Personal Finance & Money Asked by Eugene S on April 4, 2021

In an attempt run few backtesting tasks, I have obtained some historical data. I noticed that there are two closing prices available, regular close and adjusted close.

After doing some reading, I have learned that the adjusted close value is being affected by the following parameters and in fact NOT the real close value on that day.

  1. Cash dividends
  2. Stock dividends
  3. Stock splits

I’m still confused which one of the close values should I use though, the real one or the adjusted?

It seems that the adjusted close gives more accurate data about the stock but it is not the real price.

4 Answers

You would have to compare your backtesting to what you will be doing in real trading, and try to have the backtesting as close to your real trading as possible. Note: you may never get the backtesting to match your real trading exactly but you need to get as close as possible.

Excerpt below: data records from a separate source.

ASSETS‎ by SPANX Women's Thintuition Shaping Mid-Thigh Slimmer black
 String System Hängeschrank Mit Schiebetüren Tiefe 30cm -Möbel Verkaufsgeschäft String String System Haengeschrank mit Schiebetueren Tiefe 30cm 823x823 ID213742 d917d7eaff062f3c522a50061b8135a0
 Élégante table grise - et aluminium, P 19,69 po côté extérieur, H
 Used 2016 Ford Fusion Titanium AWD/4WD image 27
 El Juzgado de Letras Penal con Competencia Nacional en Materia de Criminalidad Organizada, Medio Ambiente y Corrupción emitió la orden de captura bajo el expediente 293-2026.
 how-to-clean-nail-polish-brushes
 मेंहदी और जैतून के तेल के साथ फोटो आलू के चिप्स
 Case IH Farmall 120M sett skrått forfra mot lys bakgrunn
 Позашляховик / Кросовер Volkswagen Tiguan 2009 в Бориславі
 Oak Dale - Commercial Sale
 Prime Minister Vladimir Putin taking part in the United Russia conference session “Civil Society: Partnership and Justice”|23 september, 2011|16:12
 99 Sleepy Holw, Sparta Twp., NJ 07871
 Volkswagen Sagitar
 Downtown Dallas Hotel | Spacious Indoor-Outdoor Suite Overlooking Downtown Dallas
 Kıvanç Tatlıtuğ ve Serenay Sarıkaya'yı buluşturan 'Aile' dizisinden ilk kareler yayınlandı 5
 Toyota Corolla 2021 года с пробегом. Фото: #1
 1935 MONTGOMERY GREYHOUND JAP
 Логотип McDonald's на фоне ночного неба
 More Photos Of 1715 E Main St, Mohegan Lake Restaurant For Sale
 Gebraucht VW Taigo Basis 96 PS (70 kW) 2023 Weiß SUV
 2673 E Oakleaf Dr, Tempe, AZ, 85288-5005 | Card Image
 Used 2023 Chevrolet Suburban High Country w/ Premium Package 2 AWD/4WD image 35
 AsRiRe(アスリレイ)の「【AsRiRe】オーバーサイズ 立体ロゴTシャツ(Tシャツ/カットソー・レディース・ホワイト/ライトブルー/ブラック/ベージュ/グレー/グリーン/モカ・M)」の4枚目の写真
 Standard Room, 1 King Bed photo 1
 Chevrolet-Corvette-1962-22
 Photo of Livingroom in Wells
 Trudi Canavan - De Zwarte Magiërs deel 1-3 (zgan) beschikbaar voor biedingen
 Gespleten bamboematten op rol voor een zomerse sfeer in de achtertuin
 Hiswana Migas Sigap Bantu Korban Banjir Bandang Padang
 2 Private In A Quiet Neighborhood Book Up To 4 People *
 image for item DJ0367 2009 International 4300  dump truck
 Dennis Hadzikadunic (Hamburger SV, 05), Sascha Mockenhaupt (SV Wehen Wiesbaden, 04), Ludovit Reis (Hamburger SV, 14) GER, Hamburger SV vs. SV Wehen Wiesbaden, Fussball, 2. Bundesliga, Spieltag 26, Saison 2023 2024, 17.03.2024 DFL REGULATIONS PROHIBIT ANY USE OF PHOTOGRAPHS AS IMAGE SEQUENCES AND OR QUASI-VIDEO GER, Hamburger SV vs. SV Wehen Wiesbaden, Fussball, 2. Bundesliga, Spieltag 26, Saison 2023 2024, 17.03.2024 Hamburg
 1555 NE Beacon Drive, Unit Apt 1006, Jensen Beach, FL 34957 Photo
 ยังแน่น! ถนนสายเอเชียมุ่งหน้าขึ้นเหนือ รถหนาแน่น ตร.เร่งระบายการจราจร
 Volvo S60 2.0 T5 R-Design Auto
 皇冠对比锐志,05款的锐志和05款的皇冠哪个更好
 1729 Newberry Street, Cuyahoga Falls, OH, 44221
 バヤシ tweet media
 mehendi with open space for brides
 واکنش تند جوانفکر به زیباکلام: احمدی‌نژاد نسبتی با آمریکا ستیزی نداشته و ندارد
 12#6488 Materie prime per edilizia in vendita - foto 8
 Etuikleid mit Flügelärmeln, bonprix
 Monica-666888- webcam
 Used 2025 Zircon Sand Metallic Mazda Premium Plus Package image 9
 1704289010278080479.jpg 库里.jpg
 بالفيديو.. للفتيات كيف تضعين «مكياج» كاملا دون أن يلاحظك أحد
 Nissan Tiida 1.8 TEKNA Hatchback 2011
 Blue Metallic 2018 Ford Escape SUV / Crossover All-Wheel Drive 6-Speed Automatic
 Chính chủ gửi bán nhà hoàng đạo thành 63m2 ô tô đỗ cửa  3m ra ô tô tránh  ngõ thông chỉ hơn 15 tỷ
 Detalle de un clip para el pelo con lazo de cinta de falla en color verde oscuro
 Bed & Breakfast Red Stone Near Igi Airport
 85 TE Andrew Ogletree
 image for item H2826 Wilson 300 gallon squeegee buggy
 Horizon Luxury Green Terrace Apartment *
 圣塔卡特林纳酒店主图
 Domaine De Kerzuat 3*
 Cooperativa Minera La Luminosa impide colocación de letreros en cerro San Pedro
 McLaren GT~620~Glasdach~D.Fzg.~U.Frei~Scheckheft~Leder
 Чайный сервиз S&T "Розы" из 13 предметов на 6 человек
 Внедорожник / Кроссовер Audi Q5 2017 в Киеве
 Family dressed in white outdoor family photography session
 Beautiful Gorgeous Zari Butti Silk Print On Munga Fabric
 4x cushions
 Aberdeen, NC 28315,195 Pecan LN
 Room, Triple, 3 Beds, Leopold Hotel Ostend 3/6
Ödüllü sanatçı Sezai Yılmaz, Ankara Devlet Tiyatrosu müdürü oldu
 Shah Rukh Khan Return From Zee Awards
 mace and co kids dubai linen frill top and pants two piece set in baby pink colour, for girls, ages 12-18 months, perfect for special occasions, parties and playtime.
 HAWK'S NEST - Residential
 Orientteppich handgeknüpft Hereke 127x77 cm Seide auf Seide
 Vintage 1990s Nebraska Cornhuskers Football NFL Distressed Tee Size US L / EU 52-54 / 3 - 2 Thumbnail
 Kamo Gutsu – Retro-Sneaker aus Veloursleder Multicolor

The whole purpose of backtesting is to check if your trading strategies - your signals, entries and exits, and your stops - are profitable over various market conditions. As you would be using actual closes to do your real trading you should be using this to also do your backtesting.

Rather than using adjusted data to get an idea of your total return from your backtesting, you can always add the value of the dividends and other corporate actions to the results from using the actual data. You may even find a way to add any dividends and other corporate action to your results automatically, i.e. any dividend amount added to your total return if the stock is held during the ex-dividend date.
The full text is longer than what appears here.